START THE RECORDS

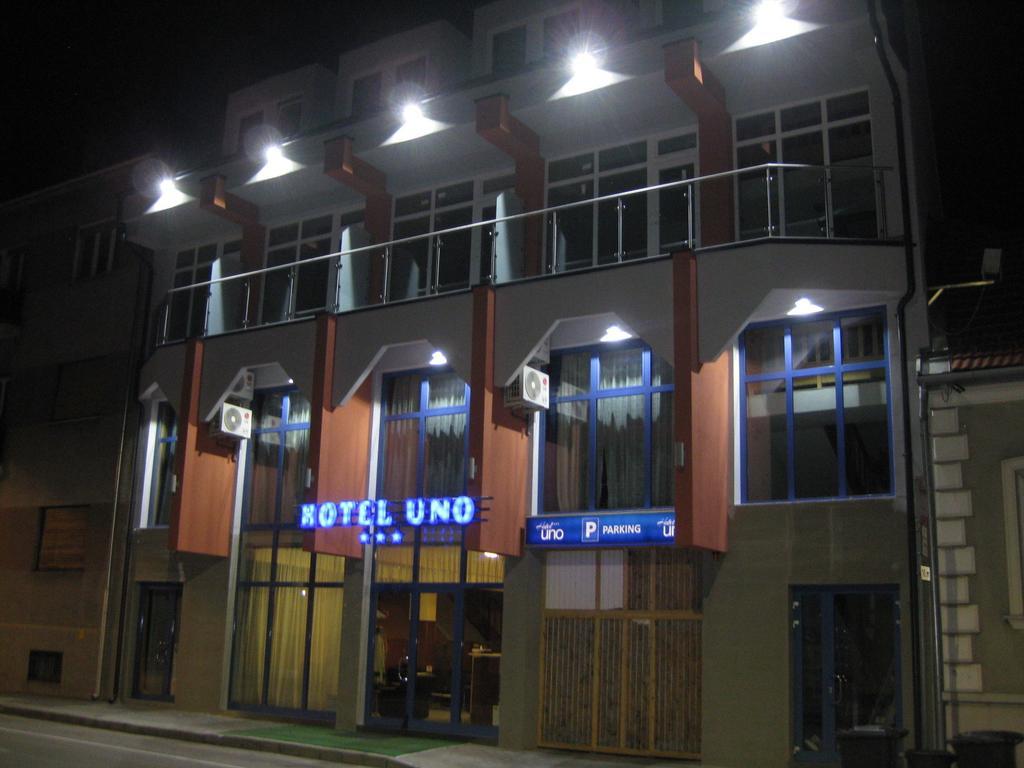 Hotel Uno Kecskemét Exterior foto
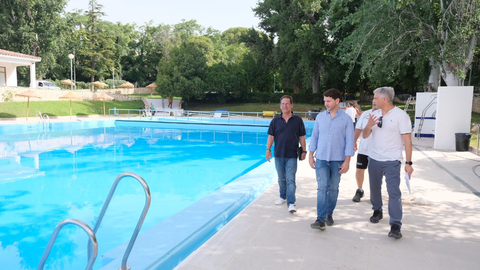 Apertura de la temporada de verano en las piscinas del Parque Deportivo 'Heliodoro Mart&iacute;n', de Cabra (FOTO: cedida)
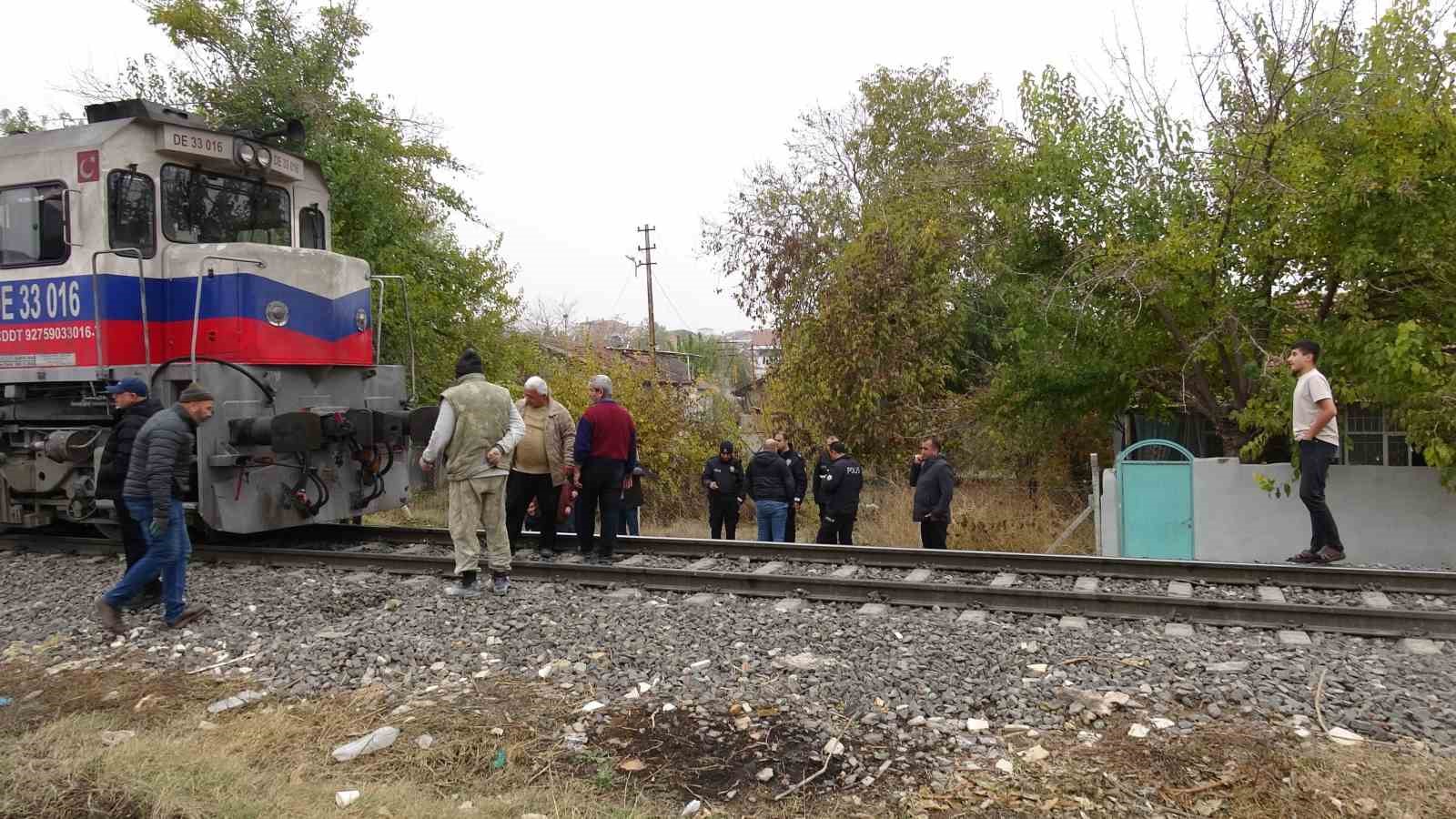 malatyada raylara dusen kisi trenin carpmasi sonucu yaralandi 4 OiBvRyVA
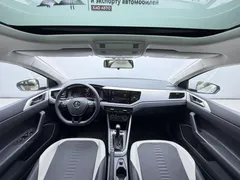 2021 Volkswagen Polo Plus 1.5L AT Colorful Tech, белый — фото 18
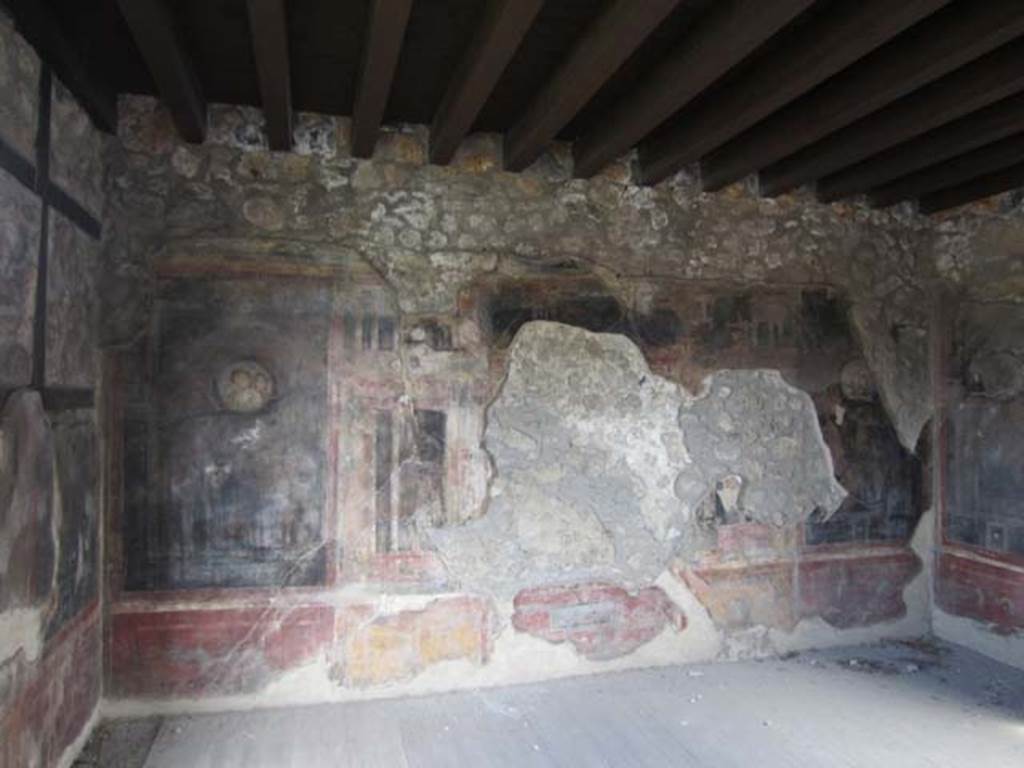 I.11.15 Pompeii. April 2012. Room 18, north wall. Photo courtesy of Marina Fuxa.
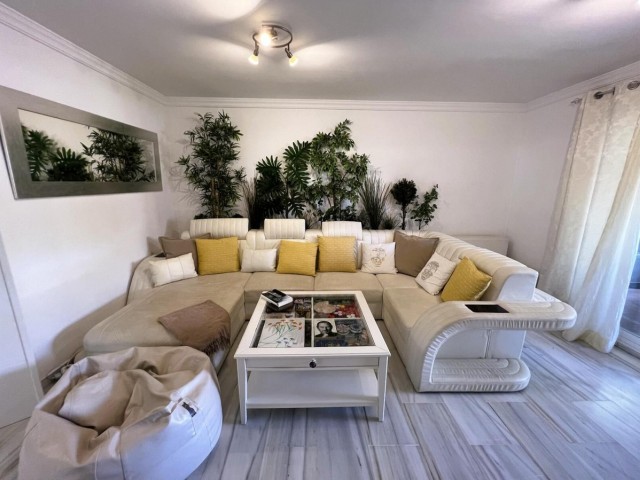 2 Bedrooms Apartment in Marbella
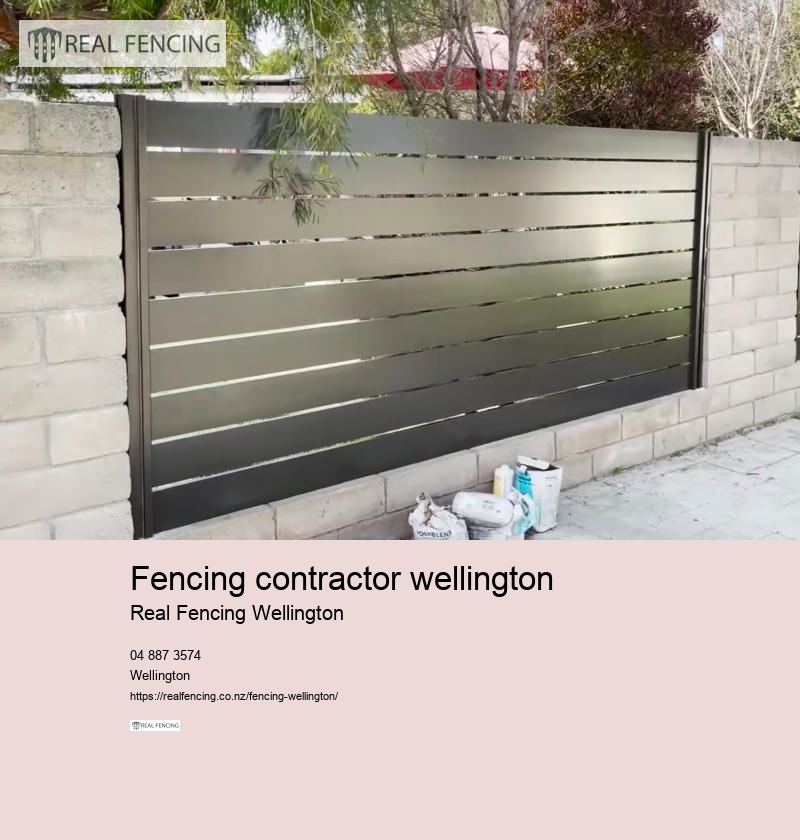 fencing contractor wellington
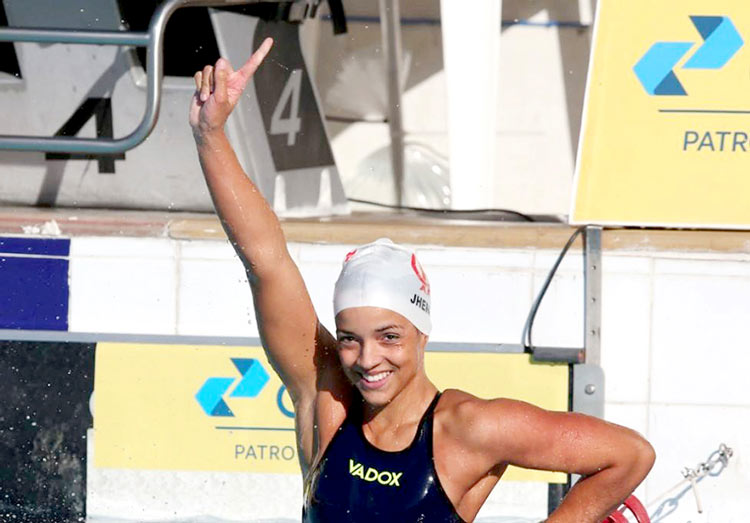 Jhennifer foi a segunda a entrar na piscina neste sábado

END THE RECORDS

EXERCISE DIRECTIONS: Drop the pictures; repeat the listing above exactly.

ANSWER BOX:
 Hotel Uno Kecskemét Exterior foto
 Apertura de la temporada de verano en las piscinas del Parque Deportivo 'Heliodoro Mart&iacute;n', de Cabra (FOTO: cedida)
 malatyada raylara dusen kisi trenin carpmasi sonucu yaralandi 4 OiBvRyVA
 2021 Volkswagen Polo Plus 1.5L AT Colorful Tech, белый — фото 18
 I.11.15 Pompeii. April 2012. Room 18, north wall. Photo courtesy of Marina Fuxa.
 2 Bedrooms Apartment in Marbella
 fencing contractor wellington
 Jhennifer foi a segunda a entrar na piscina neste sábado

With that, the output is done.